:: ABOUT THIS EXERCISE ::
Output exactly, and only, the stretch of lines beginning at the line with "Foto Banco Davivienda" and ending at the last line of the listing below. Drop the pictures.

:: DATA SHOWN ::
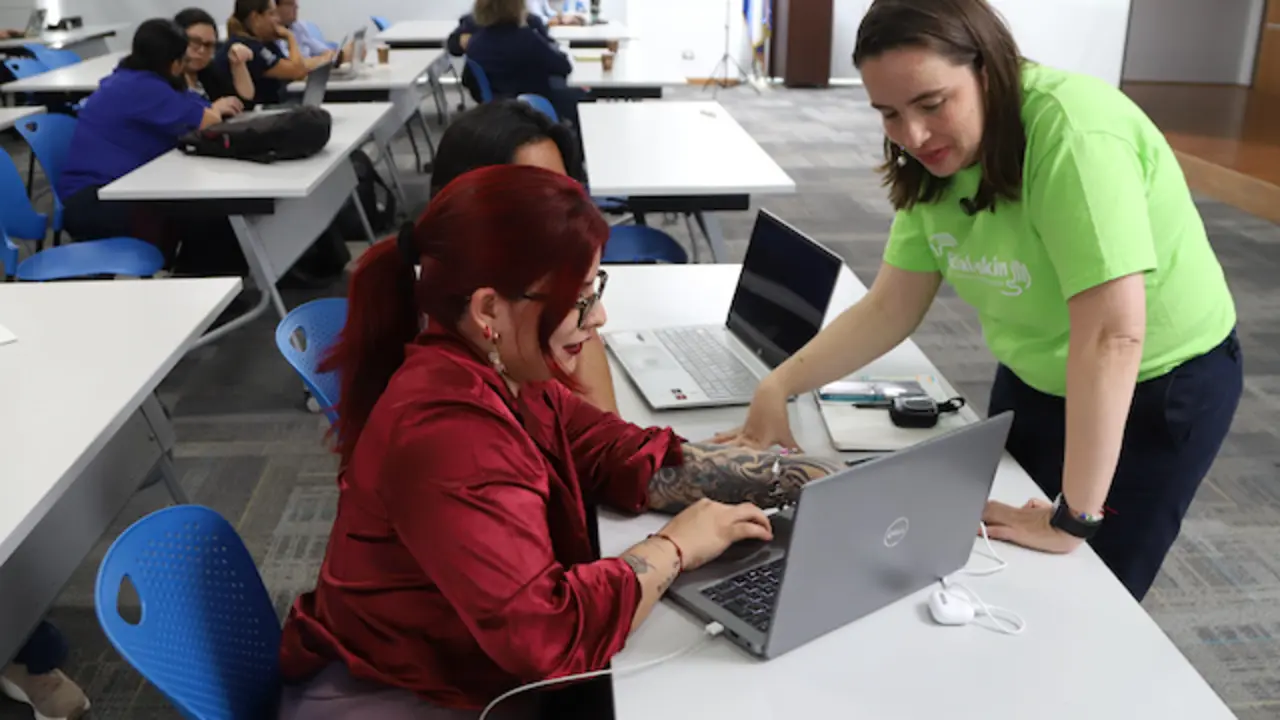 Charla taller sobre las Herramientas de Investigaci&oacute;n usando Inteligencia Artificial, como chat GPT o Gemini en los ambientes universitarios, en el Auditorium Democracia en Fusades, Antiguo Cuscatl&aacute;n, La Libertad, El Salvador.
Foto Banco Davivienda por Salvador Mel&eacute;ndez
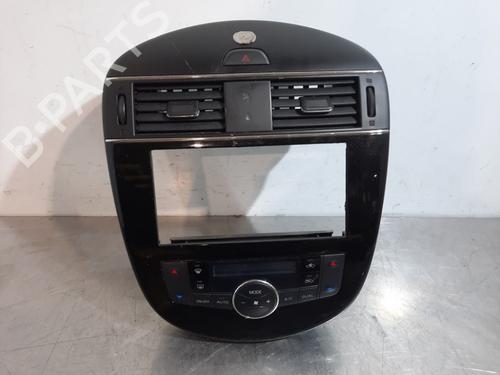 Used Climate control NISSAN PULSAR Hatchback (C13) 1.2 DIG-T (115 hp) 15034966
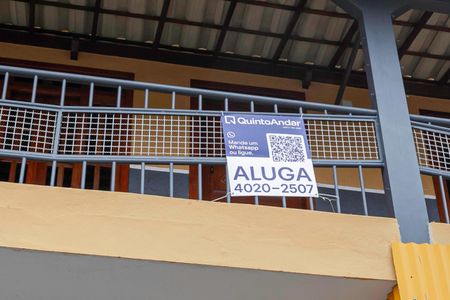 Casa para alugar com 110m², 3 quartos e sem vaga Casa para alugar com 110m², 3 quartos e sem vagaFachada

:: WRITTEN SOLUTION ::
Foto Banco Davivienda por Salvador Mel&eacute;ndez
 Used Climate control NISSAN PULSAR Hatchback (C13) 1.2 DIG-T (115 hp) 15034966
 Casa para alugar com 110m², 3 quartos e sem vaga Casa para alugar com 110m², 3 quartos e sem vagaFachada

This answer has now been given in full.